The Statistical Debate Behind the Stop-and-Frisk Verdict
As all the world now knows, Judge Shira Scheindlin has ruled that the New York City Police Department’s stop-and-frisk policy amounts to “a policy of indirect racial profiling” that violates the U.S. Constitution. But how did the she reach this conclusion? The answer turns out to be pretty interesting. It involves a number of statistical studies presented to the court by expert witnesses for the plaintiffs (a number of New Yorkers who claimed to have been stopped and frisked without cause) and the defense (the city of New York).

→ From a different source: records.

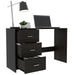 Berlin Three Drawers Desk Default -DTYStore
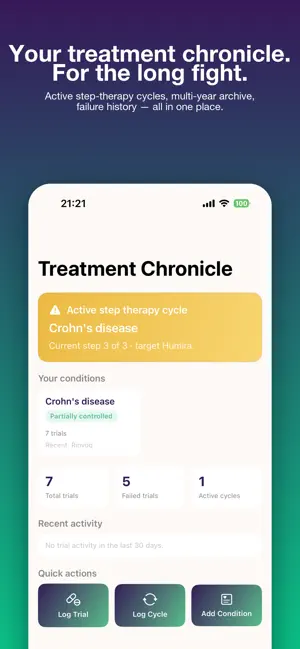 StepLog: Treatment Chronicle screenshot 3
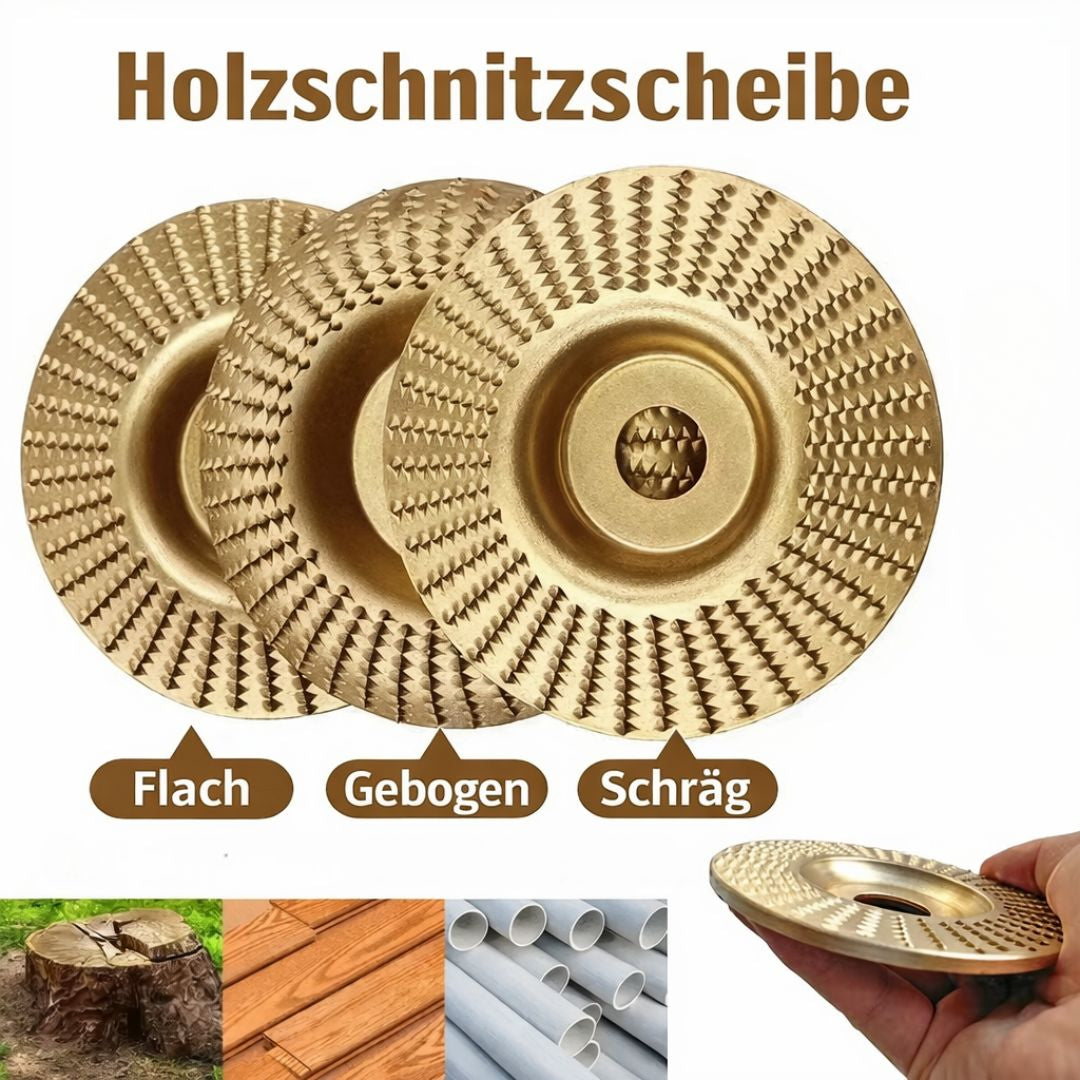 WoodMaster™ - Disque Sculpture Bois Carbure de Tungstène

From my reading of Judge Scheindlin’s opinion, which runs to almost two hundred pages, and a brief perusal of some of the expert testimony, the court’s decision seems like the correct one. (Like many New Yorkers, I think the stop-and-frisk policy went way too far and, in some neighborhoods, degenerated into racial harassment.) Still, Judge Scheindlin’s ruling isn’t without its quirks. In one instance, she criticized the conclusions of the plaintiffs’ expert witness; in another, she endorsed the same expert’s work and relied upon it to justify her ruling that stop-and-frisk is indirect racial profiling. If and when the city goes forward with its appeal, the methodology of the studies, and the interpretations that Judge Scheindlin placed upon their conclusions, are sure to be central issues. (For more on Scheindlin, see the piece that Jeffrey Toobin wrote for the magazine about her and the case earlier this year.)